# Predicting movie ratings

One of the most common uses of big data is to predict what users want. This allows Google to show you relevant ads, Amazon to recommend relevant products, and Netflix to recommend movies that you might like. This lab will demonstrate how we can use Apache Spark to recommend movies to a user. We will start with some basic techniques, and then use the mllib library's Alternating Least Squares method to make more sophisticated predictions.


## 1. Data Setup

Before starting with the recommendation systems, we need to download the dataset and we need to do a little bit of pre-processing. 

### 1.1 Download
Let's begin with downloading the dataset. If you have already a copy of the dataset you can skip this part. For this lab, we will use [movielens 25M stable benchmark rating dataset](https://files.grouplens.org/datasets/movielens/ml-25m.zip). 




In [2]:
# let's start by downloading the dataset.
import wget
wget.download(url = "https://files.grouplens.org/datasets/movielens/ml-25m.zip", out = "dataset.zip")

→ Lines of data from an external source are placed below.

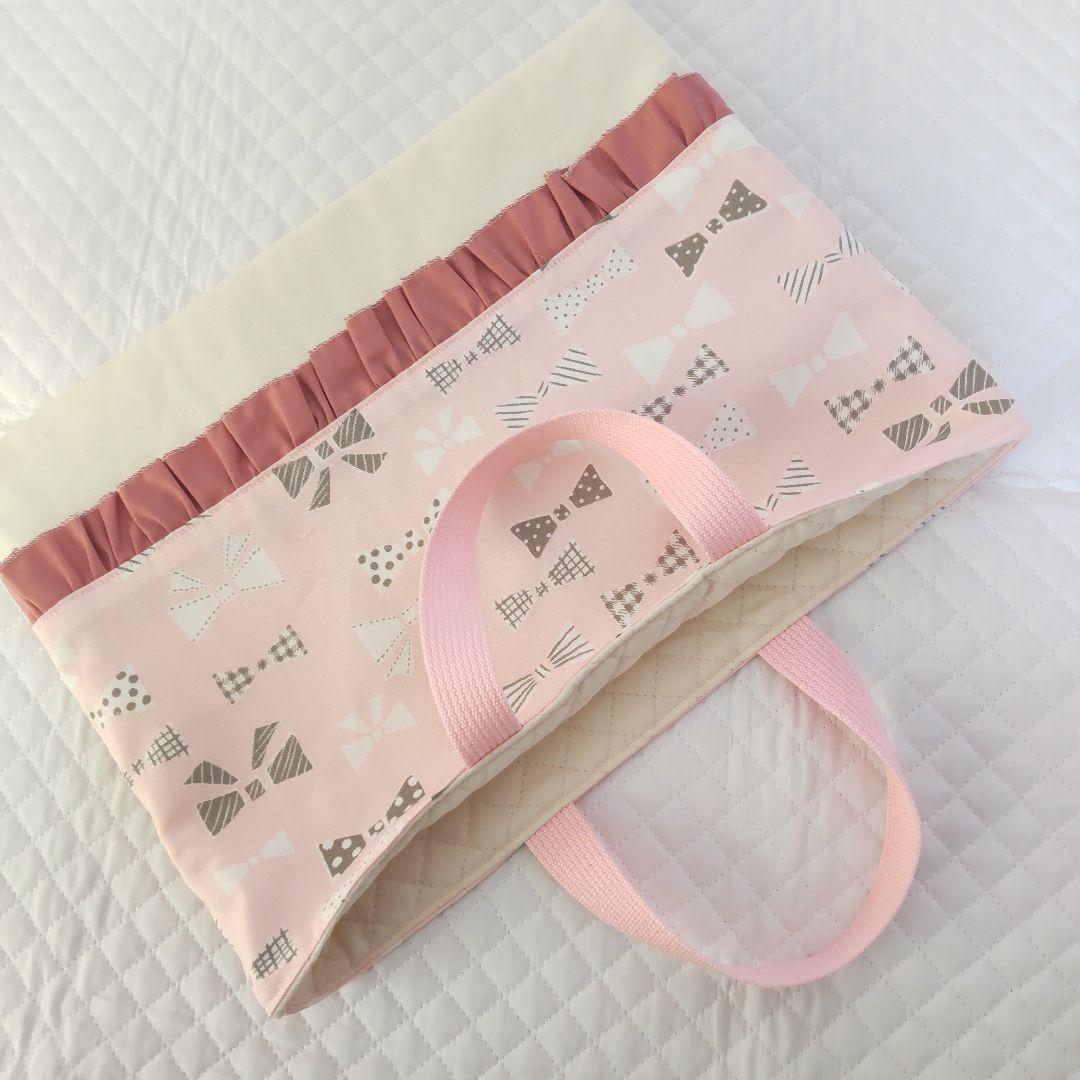 入園入学♡リボン柄ピンク♡レッスンバック５点セット フリル 女の子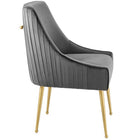 Modway Discern Pleated Back Upholstered Performance Velvet Dining Chair - Grey-Brushed Gold Stainless Steel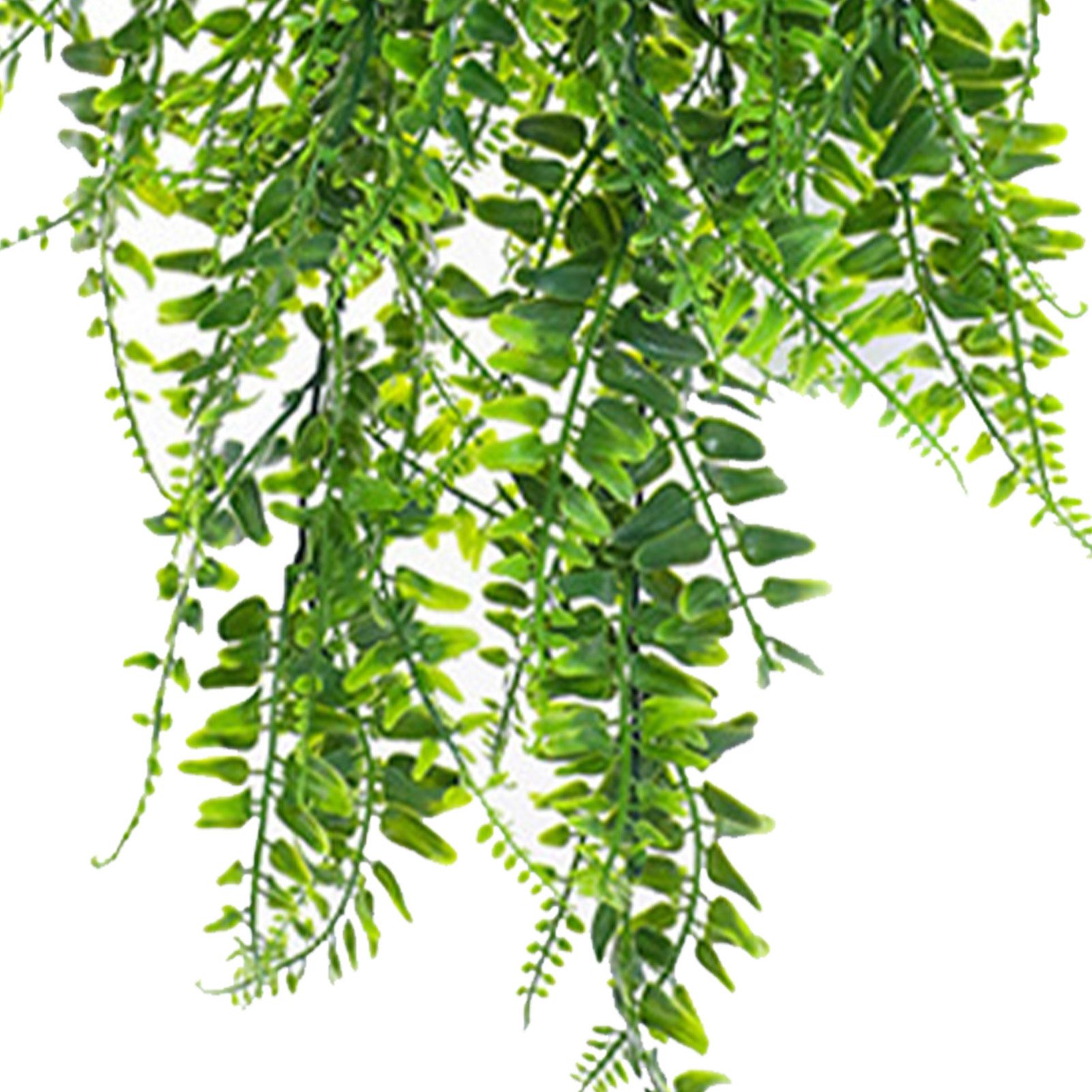 2pcs Artificial Hanging Plants Fern Plastic Green Fake Wall Hanging Ferns view 7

100% [......................................................................] 261978986 / 261978986

'dataset.zip'

In [3]:
# let's unzip the dataset
import zipfile
with zipfile.ZipFile("dataset.zip", "r") as zfile:
    zfile.extractall()

### 1.2 Dataset Format

The following table highlights some data from `ratings.csv` (with comma-separated elements):

| UserID | MovieID | Rating | Timestamp  |
|--------|---------|--------|------------|
|...|...|...|...|
|3022|152836|5.0|1461788770|
|3023|169|5.0|1302559971|
|3023|262|5.0|1302559918|
|...|...|...|...|

The following table highlights some data from `movies.csv` (with comma-separated elements):

| MovieID | Title   | Genres | 
|---------|---------|--------|
|...|...|...|
| 209133  |The Riot and the Dance (2018) | (no genres listed) |
| 209135  |Jane B. by Agnès V. (1988) | Documentary\|Fantasy |
|...|...|...|

The `Genres` field has the format

`Genres1|Genres2|Genres3|...` or `(no generes listed)`

The format of these files is uniform and simple, so we can easily parse them using python:
- For each line in the rating dataset, we create a tuple of (UserID, MovieID, Rating). We drop
the timestamp because we do not need it for this exercise.
- For each line in the movies dataset, we create a tuple of (MovieID, Title). We drop the Genres
because we do not need them for this exercise.

### 1.3 Preprocessing

We can begin to preprocess our data. This step includes: 
1) We should drop the timestamp, we do not need it.
2) We should drop the genres, we do not need them.
3) We should parse data according to their intended type. For example, the elements of rating should be floats.
4) Each line should encode data in an easily processable format, like a tuple. 
5) We should filter the first line of both datasets (the header).

In [4]:
# let's intialize the spark session

import pyspark
from pyspark.sql import SparkSession

spark = SparkSession.builder \
                    .appName("Python Spark SQL basic example") \
                    .getOrCreate()
spark

Using Spark's default log4j profile: org/apache/spark/log4j-defaults.properties
Setting default log level to "WARN".
To adjust logging level use sc.setLogLevel(newLevel). For SparkR, use setLogLevel(newLevel).
22/02/22 09:40:41 WARN NativeCodeLoader: Unable to load native-hadoop library for your platform... using builtin-java classes where applicable


#### 1.3.1 Load The Data

We can start by loading the dataset formatted as raw text. 

In [5]:
from pprint import pprint
ratings_rdd = spark.sparkContext.textFile(name = "ml-25m/ratings.csv", minPartitions = 2)
movies_rdd  = spark.sparkContext.textFile(name = "ml-25m/movies.csv" , minPartitions = 2)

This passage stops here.